I’ve been stuck on a likely very basic problem for a few weeks. My goal is to track a specific pink ball in a swimming pool, then control a series of 8 garden hose ‘jets’ based on some game rules (hot potato, etc).
I’ve been trying to train a model w/pytorch as per dusty-nv (GitHub - dusty-nv/jetson-inference: Hello AI World guide to deploying deep-learning inference networks and deep vision primitives with TensorRT and NVIDIA Jetson.)
Despite the consistency of the training images & actual stream, I can never seem to get beyond 25% confidence.
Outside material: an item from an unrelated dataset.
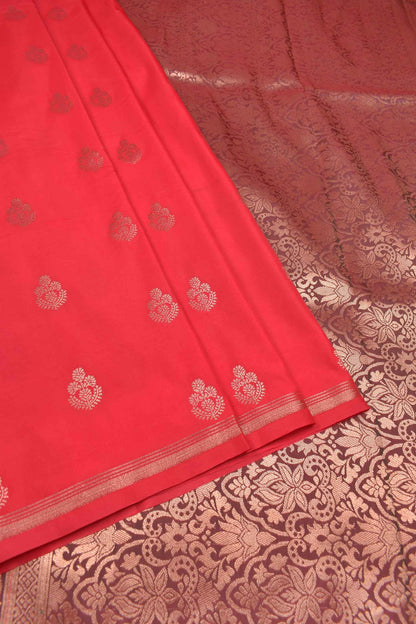 Cardinal Red Body Flowers Butta Contrast Pallu Semi Soft Silk Saree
In addition, I frequently see 2-5 balls detected in the immediate area of the one ball. So - clearly I’m doing something wrong.
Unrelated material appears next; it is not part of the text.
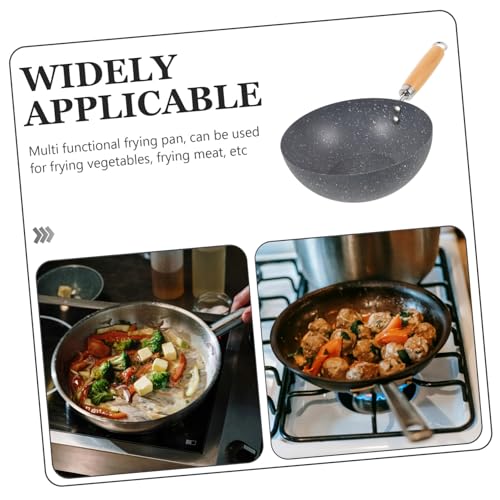 Wok pequeño estilo japonés hierro para cocinar antiadherente miniatura 7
The quality of the images are not ideal. I’m using 1280x720 images (could use 1920, but found lower=better?), but a ball is maybe 40x40 pixels…
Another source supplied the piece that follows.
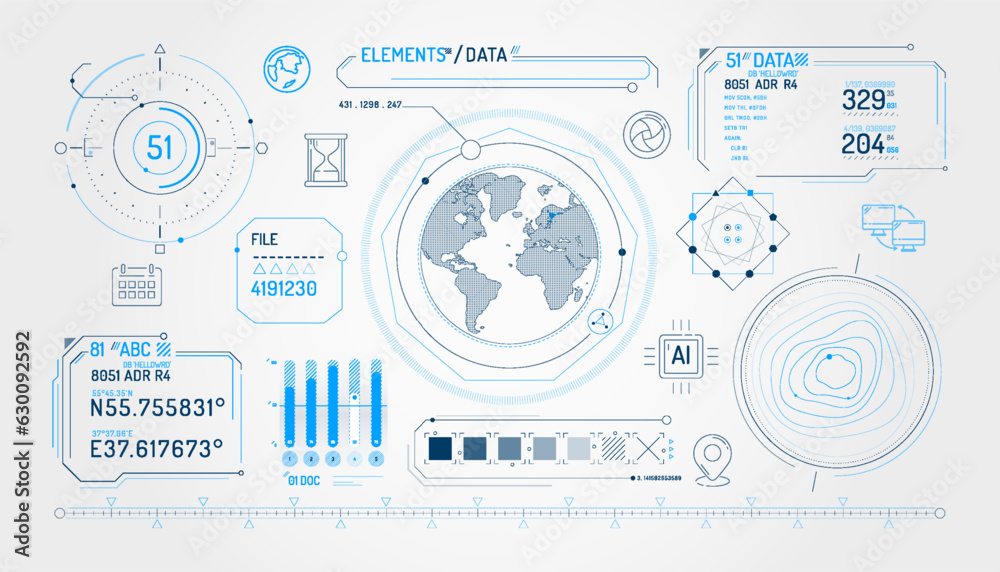 Wall mural set of infographic elements about geolocation and data exchange.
I’ve manually tagged almost 1000 images of balls using cvat.org, and trained to as high as 500 epochs without substantially different outcomes.
A) Correct model to start from (ssd-mobilenet?)
B) Resolution of training images relative to end input stream
C) ‘Tightness’ or precision of bounding box in training images
D) Color - I intentionally selected a relatively distinctly colored ball - I believe this is used by the models, but don’t know for sure?
E) Partially obstructed objects in training set - helpful, or harmful?
F) Presence of reflections in training set (calm water problem) - helpful, or harmful? Bound in bbox, or exclude?
Thanks in advance for any guidance!!